* **Assigned task**:
Copy each line of the records that includes "Drive".

* **Dataset entries**:

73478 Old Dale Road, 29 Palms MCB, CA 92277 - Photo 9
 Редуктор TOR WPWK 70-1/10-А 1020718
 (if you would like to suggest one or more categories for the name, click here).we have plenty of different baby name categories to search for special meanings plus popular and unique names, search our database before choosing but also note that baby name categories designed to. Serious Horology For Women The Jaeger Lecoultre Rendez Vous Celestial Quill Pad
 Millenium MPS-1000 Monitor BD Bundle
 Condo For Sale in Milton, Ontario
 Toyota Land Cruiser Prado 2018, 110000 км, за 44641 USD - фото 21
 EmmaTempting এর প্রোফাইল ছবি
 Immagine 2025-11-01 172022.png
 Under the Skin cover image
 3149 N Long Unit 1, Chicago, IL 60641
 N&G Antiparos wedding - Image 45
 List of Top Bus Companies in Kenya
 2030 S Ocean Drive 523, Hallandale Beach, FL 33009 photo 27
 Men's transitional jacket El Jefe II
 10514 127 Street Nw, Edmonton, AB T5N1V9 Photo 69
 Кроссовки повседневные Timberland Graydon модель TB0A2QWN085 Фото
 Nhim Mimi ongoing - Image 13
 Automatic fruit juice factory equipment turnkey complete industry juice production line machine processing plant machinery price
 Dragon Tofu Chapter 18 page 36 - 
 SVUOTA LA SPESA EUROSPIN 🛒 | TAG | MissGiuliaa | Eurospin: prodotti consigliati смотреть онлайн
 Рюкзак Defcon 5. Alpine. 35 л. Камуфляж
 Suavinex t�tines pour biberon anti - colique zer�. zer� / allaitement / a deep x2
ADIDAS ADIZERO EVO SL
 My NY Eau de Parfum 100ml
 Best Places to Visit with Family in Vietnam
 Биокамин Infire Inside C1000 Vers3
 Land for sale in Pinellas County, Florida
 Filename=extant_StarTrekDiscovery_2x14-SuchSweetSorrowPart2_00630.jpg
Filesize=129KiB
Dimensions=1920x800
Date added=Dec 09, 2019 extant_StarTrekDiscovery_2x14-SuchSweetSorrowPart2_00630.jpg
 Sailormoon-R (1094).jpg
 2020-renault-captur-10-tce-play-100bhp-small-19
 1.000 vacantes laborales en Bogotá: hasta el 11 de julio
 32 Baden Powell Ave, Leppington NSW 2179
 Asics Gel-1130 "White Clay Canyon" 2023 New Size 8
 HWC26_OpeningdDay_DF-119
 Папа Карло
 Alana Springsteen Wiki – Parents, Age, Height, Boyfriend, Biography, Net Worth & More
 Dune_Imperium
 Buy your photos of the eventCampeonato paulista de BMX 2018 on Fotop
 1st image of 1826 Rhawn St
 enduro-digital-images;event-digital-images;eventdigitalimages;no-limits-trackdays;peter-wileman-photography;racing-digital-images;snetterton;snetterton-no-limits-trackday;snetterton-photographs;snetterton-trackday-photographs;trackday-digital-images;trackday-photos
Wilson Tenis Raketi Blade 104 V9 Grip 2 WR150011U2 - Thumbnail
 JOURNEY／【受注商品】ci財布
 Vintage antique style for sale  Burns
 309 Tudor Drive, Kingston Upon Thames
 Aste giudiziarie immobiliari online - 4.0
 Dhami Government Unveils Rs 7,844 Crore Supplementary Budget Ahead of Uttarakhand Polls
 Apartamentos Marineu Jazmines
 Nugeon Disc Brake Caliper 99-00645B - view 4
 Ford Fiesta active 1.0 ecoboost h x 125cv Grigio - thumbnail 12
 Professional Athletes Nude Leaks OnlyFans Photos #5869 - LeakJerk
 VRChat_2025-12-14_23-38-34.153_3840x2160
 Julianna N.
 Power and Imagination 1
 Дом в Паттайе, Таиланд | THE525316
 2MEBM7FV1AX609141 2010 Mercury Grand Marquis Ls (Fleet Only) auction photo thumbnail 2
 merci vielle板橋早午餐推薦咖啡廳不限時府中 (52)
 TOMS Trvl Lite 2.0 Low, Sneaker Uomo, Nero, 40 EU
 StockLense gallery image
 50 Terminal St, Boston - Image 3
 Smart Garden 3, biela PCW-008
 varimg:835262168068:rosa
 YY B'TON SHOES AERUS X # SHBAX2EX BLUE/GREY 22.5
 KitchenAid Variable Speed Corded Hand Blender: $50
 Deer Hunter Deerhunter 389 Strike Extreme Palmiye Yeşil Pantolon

* **Your solution**:
 2030 S Ocean Drive 523, Hallandale Beach, FL 33009 photo 27
 309 Tudor Drive, Kingston Upon Thames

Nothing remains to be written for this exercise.